On the ground we may time the walk as taking 40s. This is the proper time in the ground frame. The runner's clock appeared to run slow: in our (ground) frame, 40s elapsed - but the runner's clock is observed to read only 30s. The second hand was observed turning slower than ours. If we know [tex]\gamma[itex] then we simply divide 40s by [tex]\gamma[itex] and we get 30s.

 

[PeroK]

Care is needed using the term 'proper time'. There are two proper times here, depending on which frame you are in! Each frame has its own proper time.

Each frame has its coordinate time, but proper time is the time as measured by a single clock along its worldline. Proper time belongs to a worldline not a frame of reference.

Moreover, proper time is reference-frame invariant.

 

[Steve4Physics]

M

Each frame has its coordinate time, but proper time is the time as measured by a single clock along its worldline. Proper time belongs to a worldline not a frame of reference.

Moreover, proper time is reference-frame invariant.

Many thanks for clarifying/correcting that. I'm not familiar with 'coordinate time'. I'll have to do some reading!

 

[PeroK]

MMany thanks for clarifying/correcting that. I'm not familiar with 'coordinate time'. I'll have to do some reading!
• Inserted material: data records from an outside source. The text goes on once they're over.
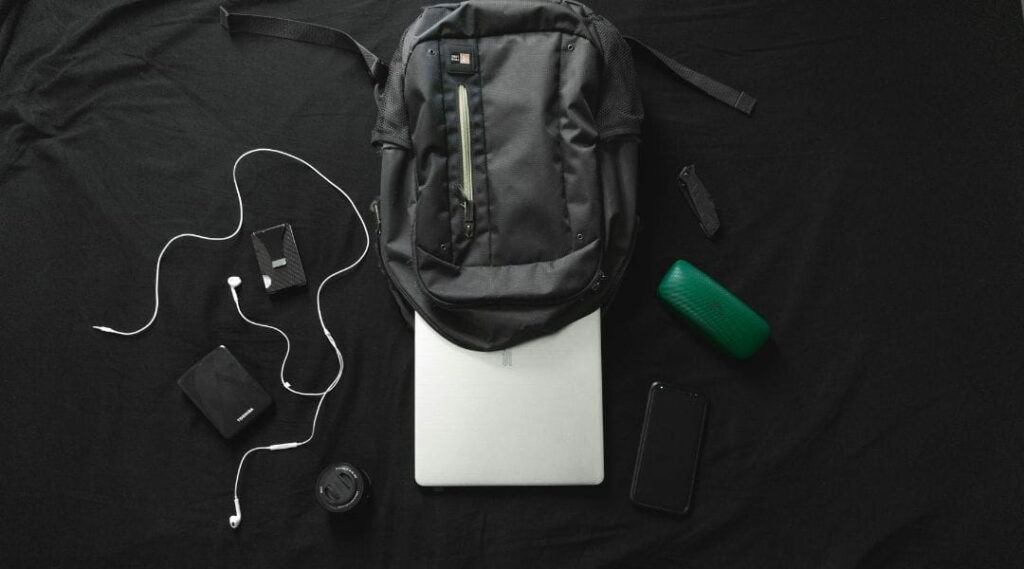 Zaino con laptop e accessori da lavoro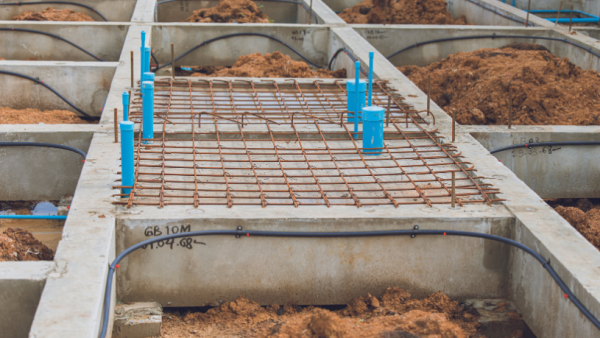 Valderci Malagosini Machado explora como as lajes treliçadas revolucionam a eficiência estrutural em obras residenciais e comerciais.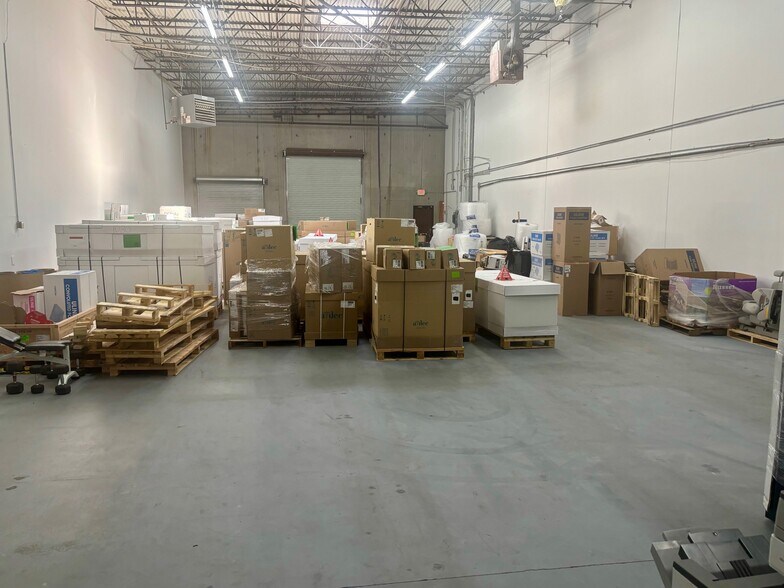 More Photos Of 1590 N Roberts Rd, Kennesaw Warehouse For Lease
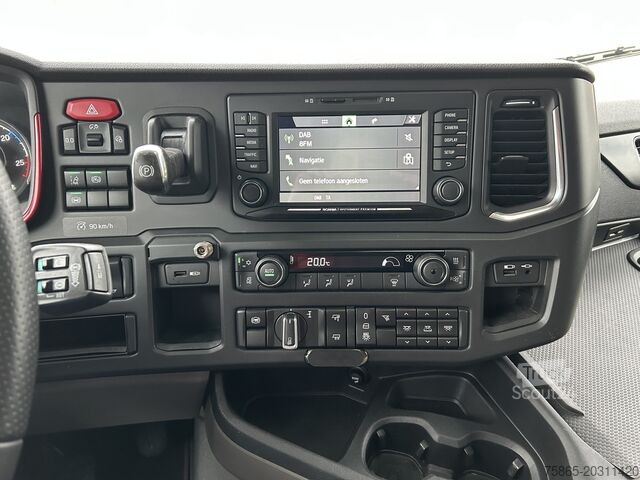 Standard-SZM Scania S 520 V8 Highline / Retarder / 920 dkm / 2 Tank...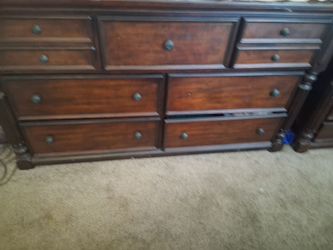 Dresser large 7 drawer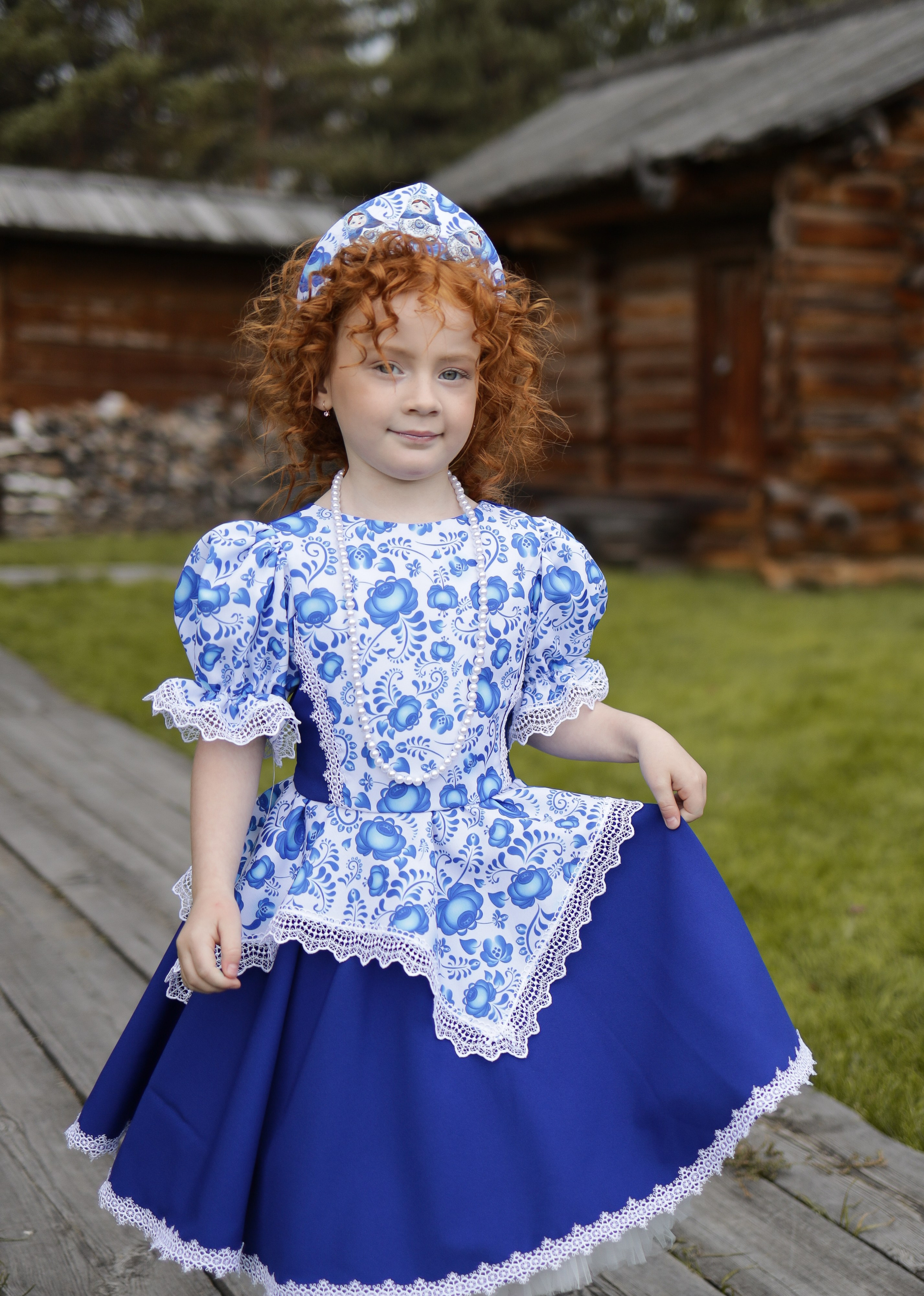 Платье С орнаментом " Гжель" на синем фоне, подойдёт на девочку ростом 116 см. В комплекте мини кокошник. Стоимость аренды 2800 р. сутки.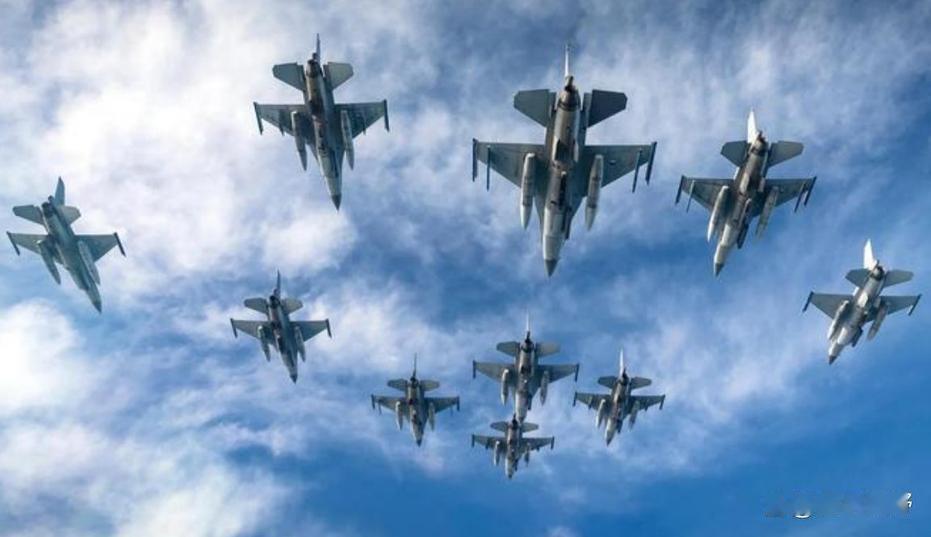 老铁们，今天咱聊点硬核的，说说咱家门口黄海上空那点事儿。话说最近啊，美军那边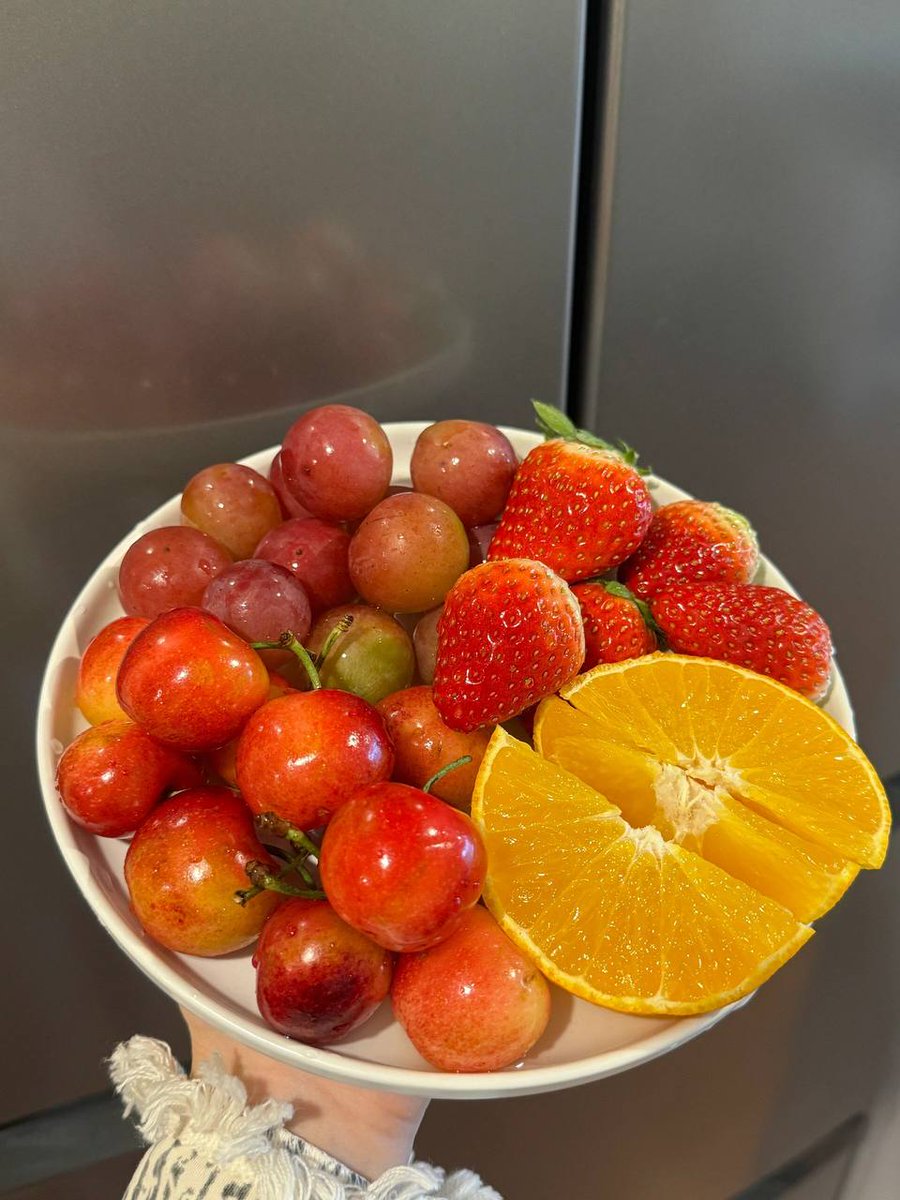 🍊🍇🍒🍎😋
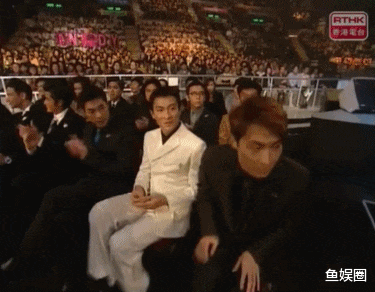 刘德华@你红，你红得过黎明吗？黎明说过输给谁也不能输给刘德华。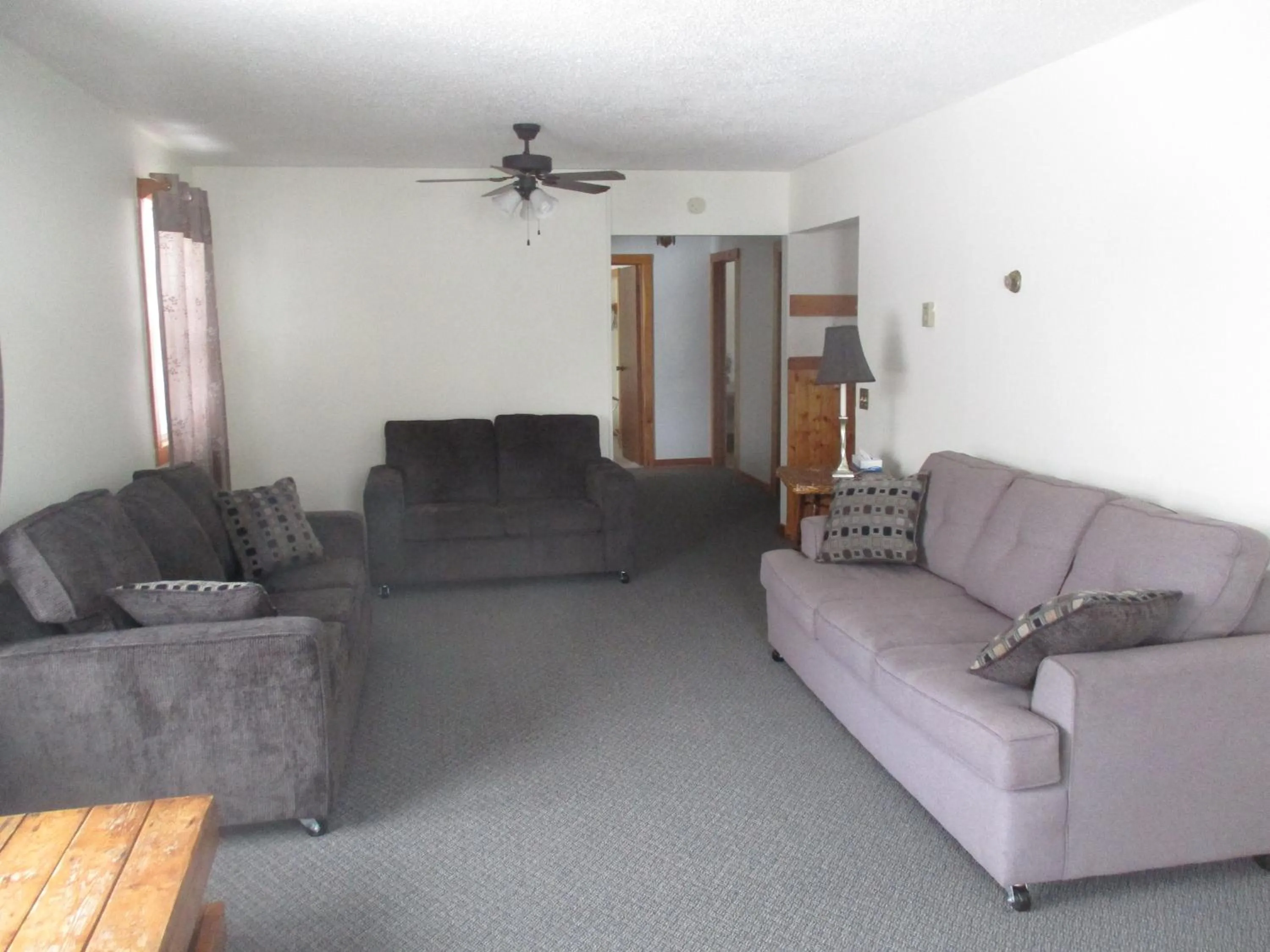 TV and multimedia in Sauble River Marina and Lodge Resort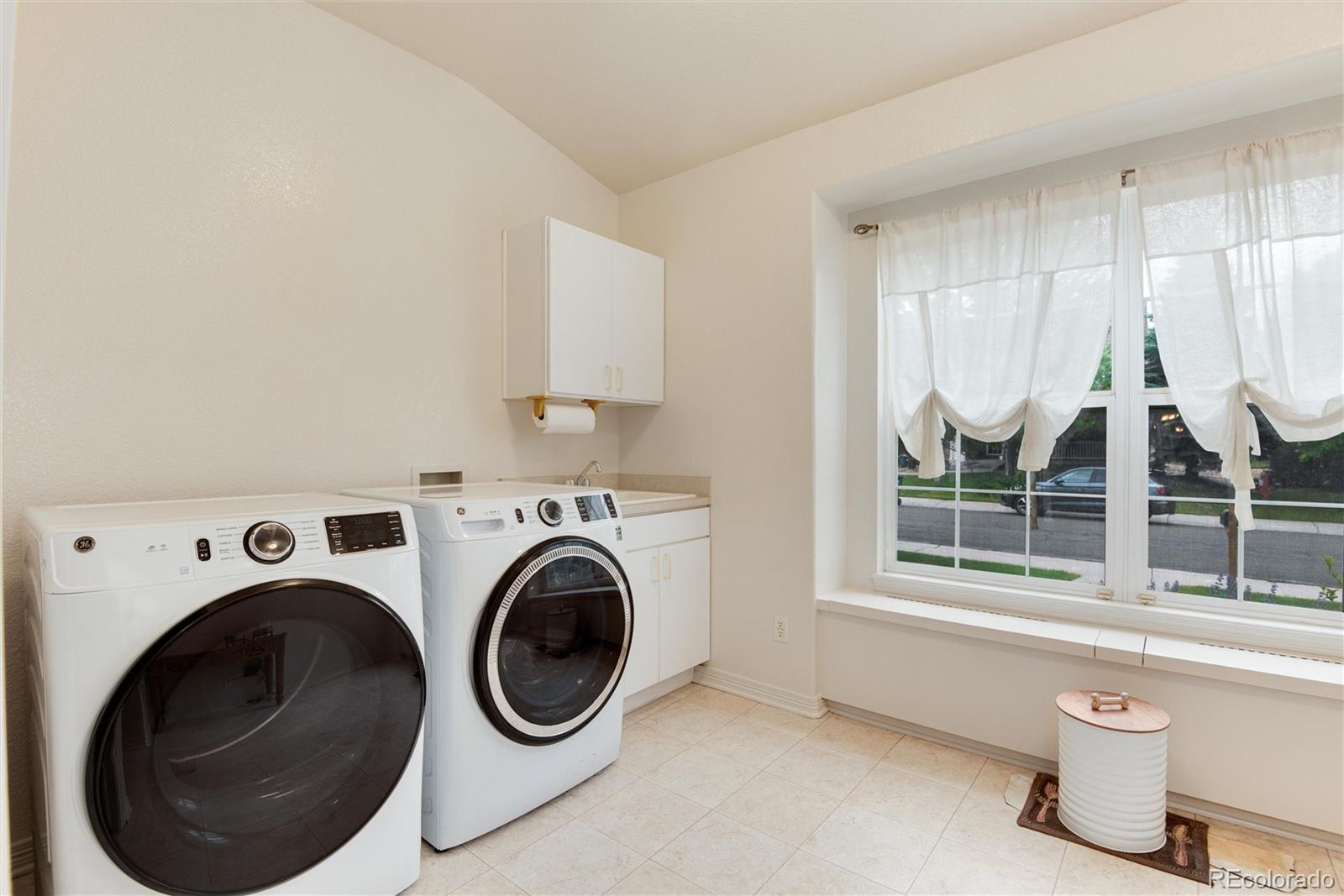 2959 W 110th Place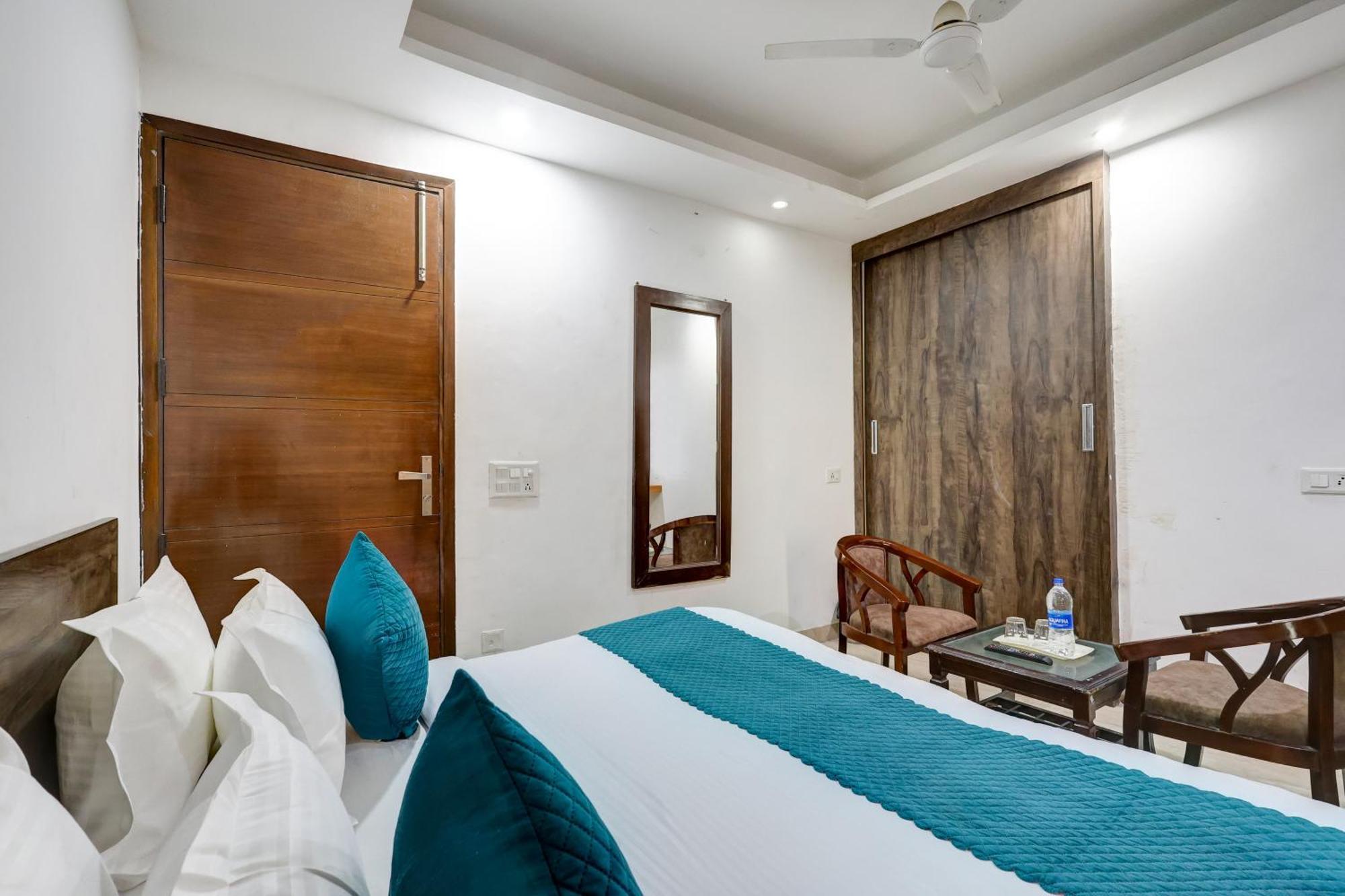 Hotel Aron By The Premium Villa 뉴델리 외부 사진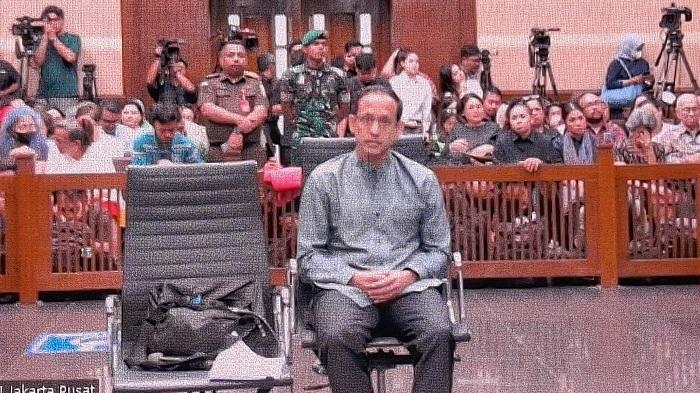 Gestur Nadiem Makarim saat Dakwaan Dibacakan: Duduk Tegak hingga Tangan Menyatu
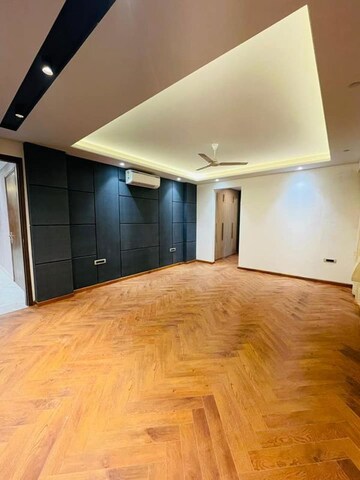 Room in 4 BHK Builder Floor at Parklands, Sector 85 – for Sale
Coordinate time is the time associated with a reference frame and which features in the Lorentz Transformation: $t$ might be the coordinate time of a reference frame and $t'$ the coordinate time of another frame. "Coordinate" is used to distinguish it from "proper" time, which is often denoted by $\tau$.

Note that you can assign the proper time to a particle on any trajectory - in this case it happened to be a watch that was traveling inertially - but you can equally define the proper time as that measured by a hypothetical clock moving along with a particle. Effectively proper time is a measure of the length of a timelike spacetime interval.

Four vectors associated with a particle (such as velocity and energy-momentum) are calculated by differentiating with respect to the proper time of the particle and not wrt any (inertial) coordinate time.

 

[Steve4Physics]

Coordinate time is the time associated with a reference frame and which features in the Lorentz Transformation: $t$ might be the coordinate time of a reference frame and $t'$ the coordinate time of another frame. "Coordinate" is used to distinguish it from "proper" time, which is often denoted by $\tau$.

Note that you can assign the proper time to a particle on any trajectory - in this case it happened to be a watch that was traveling inertially - but you can equally define the proper time as that measured by a hypothetical clock moving along with a particle. Effectively proper time is a measure of the length of a timelike spacetime interval.

Four vectors associated with a particle (such as velocity and energy-momentum) are calculated by differentiating with respect to the proper time of the particle and not wrt any (inertial) coordinate time.

Good. Thanks for coordinating your time to properly explain (some sort of pun intended)!